Fi:Maastotietokanta/Road Import Stage1 Plan

From OpenStreetMap Wiki
Jump to navigation Jump to search

Finnish Road Import Stage 1 Plan


The goal of this import is to include road dataset for those parts which DO NOT OVERLAP with the existing road/building objects in OSM. This stage 1 import only considers the objects which do not have overlap! The rest of data will be handled later in a different import. Conflation and other data joining will be performed in a later stage in another import (if/when such is deemed necessary and reasonable safe).

The dataset in this phase includes only road centerline, highway=* (some manual classification will be necessary), ref=*, names (name=*, name:fi=*, and name:sv=*), surface=*, oneway=yes, bridge=*, tunnel=*, layer=* (when appropriate), route=ferry, and type=cable. The Samish names (only 263 in total) need to be handled separately independent from this import (due to complexity of character and language encodings, it does not seem wise to include into this stage of import).


The checking and importing process will begin as soon as the proper copyright notice is in place. As only a limited time for checking and completing a reasonably sized subnet is required, the whole import stage 1 is expected to complete in few months if not sooner.

Import Data


Data source site: (Roads with addresses is the subset of topographic-database used for this import). In addition, boundaries were trivially used during minor name cleanup in Ahvenanmaa prior to subnet generation. The exact data extract used is (at least currently) available from:
Data license: + attribution clarification:
Type of license (if applicable): CC-BY like with clarifications on attribution requirement (essentially: "OSM copyright page is enough like with the other sources")
Link to permission (if required):
OSM attribution (if required): and
ODbL Compliance verified: yes

Import Type

Import is one-time. Current (or very recent OSM data) is checked against data so that empty areas in OSM are located and the corresponding road subnets for the empty parts are built. No conflation or such data matching is necessary for this stage as the objects should not match any geometry currently in OSM (unless OSM data is very much off from right position, dealing way-off OSM data is found and handled in a later phase). Currently around 165k subnets have been located. The largest networks are around 600km long in total but the size reduces dramatically to more managable networks. Most of the networks are rather small.

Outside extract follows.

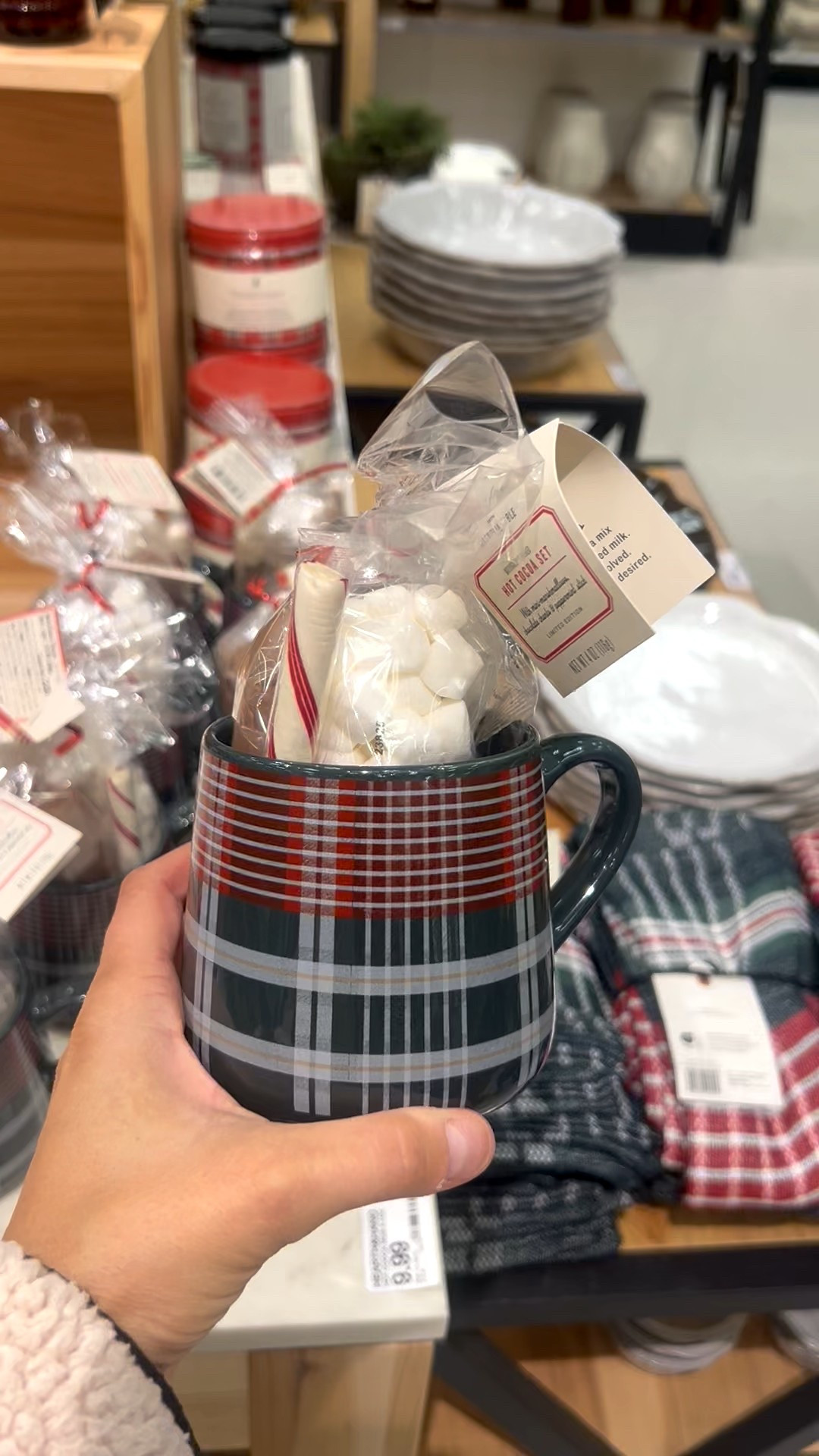 Hot Cocoa Mug

This adorable hot cocoa mug comes with everything you need. Hot cocoa, marshmallows, peppermint stick and the adorable plaid mug. 

The perfect gift for your neighbor, coach or teacher. 

#gifts #targetfinds 

#LTKSeasonal #LTKGiftGuide #LTKHoliday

.osm files are created for each subnet. The subnets are distributed among mappers participating in the import using a modified OSM Tasking Manager (OSMTM). The data is compared against imagery ( orthoimagery and/or Bing) where available (coverage is quite good although our current source of TMS lacks ~30% of the tiles for unknown reason, which is to be fixed as soon as possible). Some road classification cannot be automatically handled by the output script, and this needs to be handled by the mapper. As the data contains quite significant number of small geometry error (at least unattached highway endpoints seem rather common), it's important that JOSM validator is run for each subnet and all errors are review by the mapper before uploading.

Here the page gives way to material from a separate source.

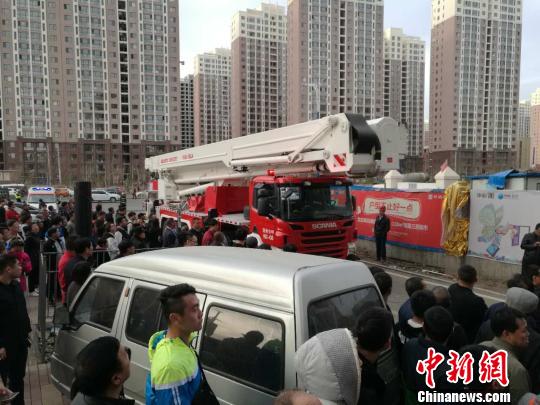 图为呼和浩特市高楼着火,浓烟滚滚。 张林虎 摄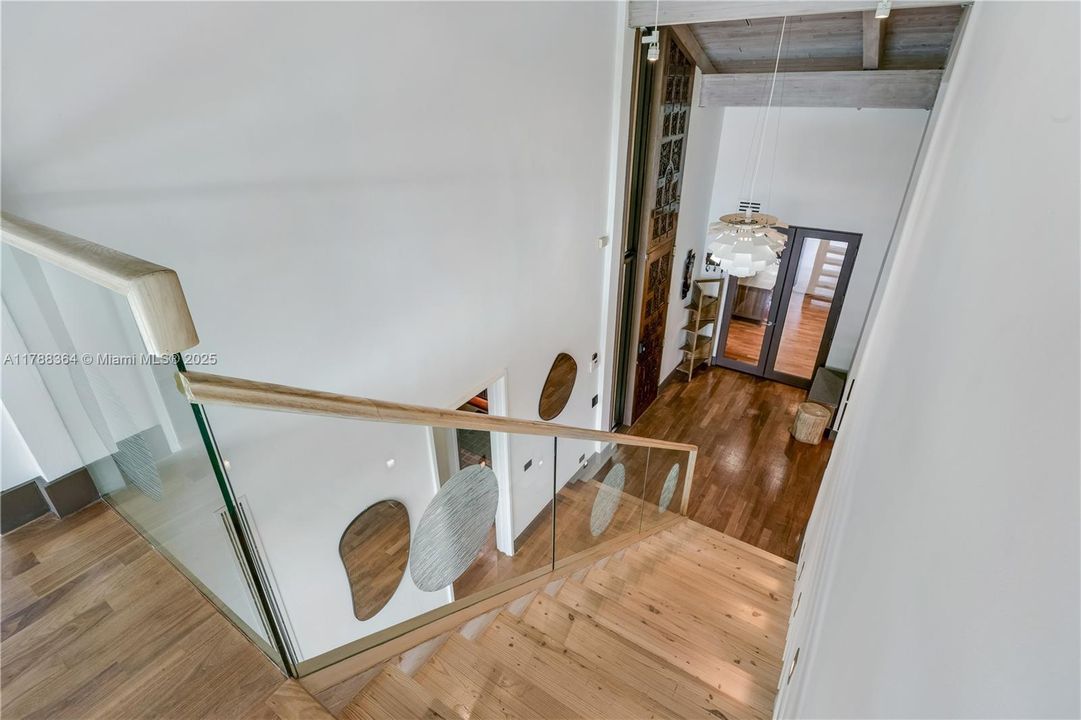 最近售出: $4,495,000 (4 贝兹, 3 浴室, 3376 平方英尺)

The matching tool is able to provide also auto-validation data and therefore manual validation in OSMTM is disallowed. If auto-validation is to fail for some particular subnet (unlikely but possible), it's still possible for the admin user to manually set the validated state.

Data Preparation

Data Reduction & Simplification

The dataset road geometries are split at every intersection. Prior to generation of .osm files, the highway parts with identical tags are passed through ST_Linemerge to reduce object splits where possible. Initial impression was that there would be no over-noding, however, it was recently discovered that especially the forest tracks have quite high number of nodes even for straight segments. Therefore 0.2m/0.4m simplify step was added to reduce number of unnecessary nodes. Effect to the geometries is very limited, and the lower value is selectively used for ways which don't match those forest tracks.

Removing information that is already in OSM is key preparation for this import. There should be no need for manual removal of information already in OSM in any of the subnets because we are essentially importing to empty canvases only.

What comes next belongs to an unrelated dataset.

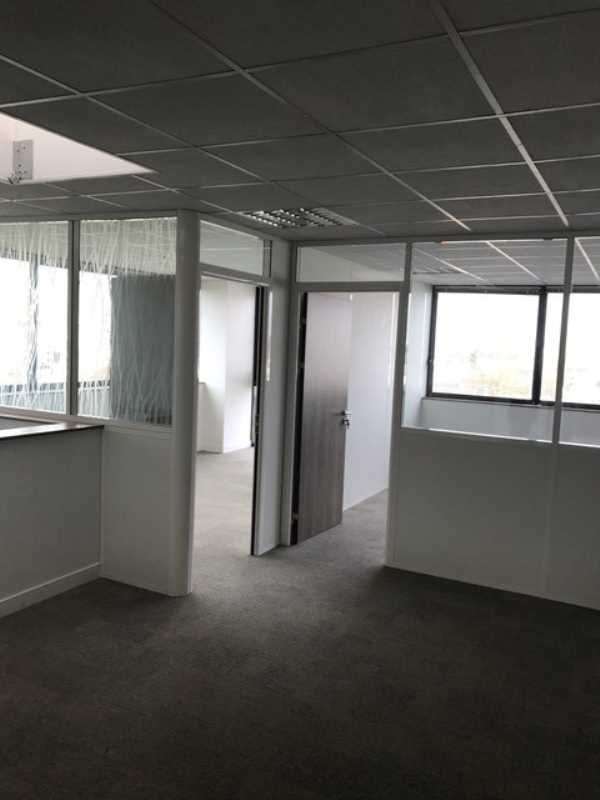 À louer – locaux d&rsquo;activités divisibles de 351 m² à 702 m² à Saint-Denis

Significant exceptions to the no-overlap rule

Water bodies and snowmobile routes are not considered in the overlap checking.

Water bodies have been largely drawn from misaligned landsat (and will need to be later fixed, possibly by importing replacements that are significantly higher quality) and overlap with them very likely only means that the water is incorrect, not the road data.

Snowmobile crowd in Finland has been very active in the past two years (a good thing!) which means that there are lot of snowmobile accessable ways in OSM where there is otherwise empty canvas. Part of such snowmobile routes are actually using ways that are in the dataset but it is not always the case (could go next to the way, inaccurate gps, etc.). Therefore each such overlap needs to be addressed by the snowmobile community using survey but that can only happen after chicken-and-the-egg problem with the highways have been resolved by adding the highways which are invisible during wintertime snowcover. Inclusion of snowmobile enabled ways to overlap detection was also tested earlier and it reduced effectiveness of the non-overlap detection quite significantly (like said earlier, there are quite many of snowmobile routes all around in OSM already).

Tagging Plans

Highway and Ref

The highway classification in Finland is mostly based on ref=*, with some exceptions in city centers due to importance conflicting with high ref=*. However, almost all major roads already appear in OSM and will therefore not be included into the non-overlapping subnets in the first place. Thus, mostly highway=tertiary or lower in the hierarchy is expected to appear in the subnets (less than 2k intersection-to-intersection segments with primary/secondary appear in the subnets, probably mostly in the sparsely populated and mapped Northern Finland).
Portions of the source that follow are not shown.